En 2016, le Rouge et Or de l’Université Laval a retrouvé ses lettres de noblesses en mettant la main sur le titre québécois après l’avoir perdu deux années consécutives aux mains des Carabins de l’Université de Montréal. La Coupe Vanier, suprématie du football universitaire canadien, a suivi deux semaines plus tard.

«À Laval, c’est devenu un standard de gagner, alors tu viens ici pour ça. C’est un sentiment extraordinaire, je ne sais même pas comment décrire ces émotions», d’ajouter Christophe à court de mots.

En cinq rencontres, le #44 a enregistré 6,5 plaqués, dont 5 en solo. L’étudiant en kinésiologie a été ralenti par une blessure à la cheville, de sorte qu’il a perdu sa place dans l’alignement. Il n’a donc pas lésiné sur les efforts lors de la saison morte pour la retrouver.

«J’ai eu une rencontre avec Marc Fortier [coordonnateur défensif] et il est très satisfait de ma progression et de ma compréhension du système de jeu. Cette année, je veux être habillé tous les matchs et contribuer aux succès.»

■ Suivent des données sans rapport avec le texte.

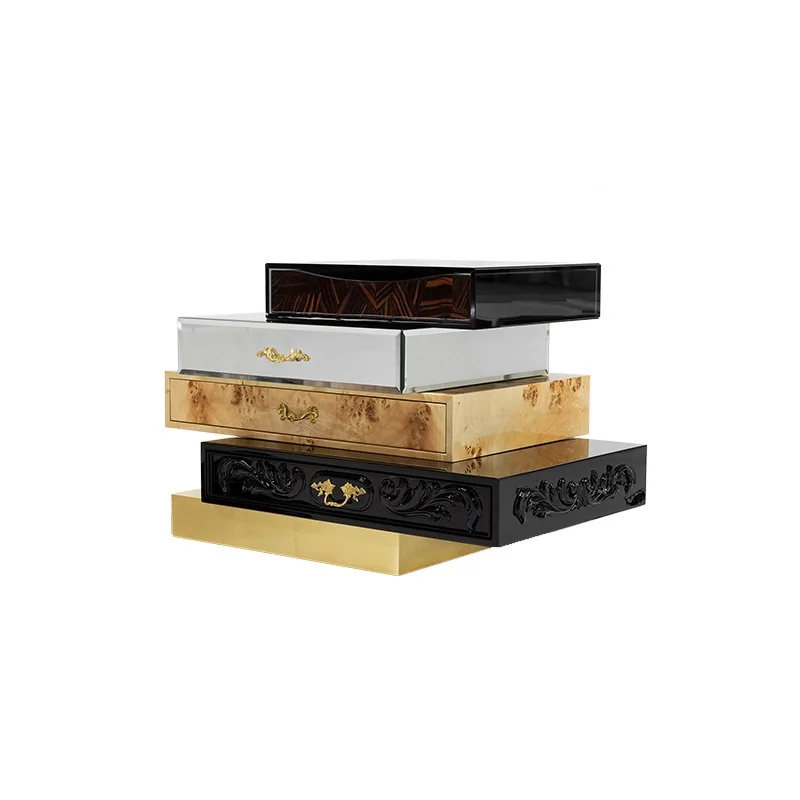 Italian light luxury high-end drawer bedside table designer bedroom locker creative villa wine
Italian light luxury high-end drawer bedside table designer bedroom locker creative villa wine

Un changement d’air profitable

Benjamin veut rester au sein de la brigade défensive des Remparts jusqu’à la fin de sa carrière junior.

©Photo TC Media – Charles Lalande

L’été dernier, Benjamin Gagné, alors avec les Voltigeurs, croyait en avoir terminé avec le hockey. Il a tenté une percée dans le monde du football collégial à la position de porteur de ballon, mais la venue d’un nouvel entraîneur-chef à Drummondville lui a fait changer son fusil d’épaule.

«J’ai pris la bonne décision. J’avais besoin de m’éloigner du hockey pour réaliser à quel point j’aimais ça. Quand j’ai été échangé à Québec, j’étais tellement heureux», lance le #9, qui a retrouvé quelques bons amis au Centre Vidéotron, tels que Matthew Boucher et Olivier Garneau.

Cette saison, son objectif est d’afficher une progression intéressante afin de se mériter l’un des trois casiers réservés aux joueurs de 20 ans en vue de la campagne 2018-2019. «Je vise une carrière professionnelle alors je dois continuer de travailler fort pour m’établir comme l’un des meilleurs défenseurs de la ligue.»

Parole de son frère, il peut y arriver : «C’est une boule d’énergie qui ne réalise pas qu’il est capable d’en donner plus. Je le regarde s’entraîner et c’est un naturel», a vanté l’aîné de 21 ans.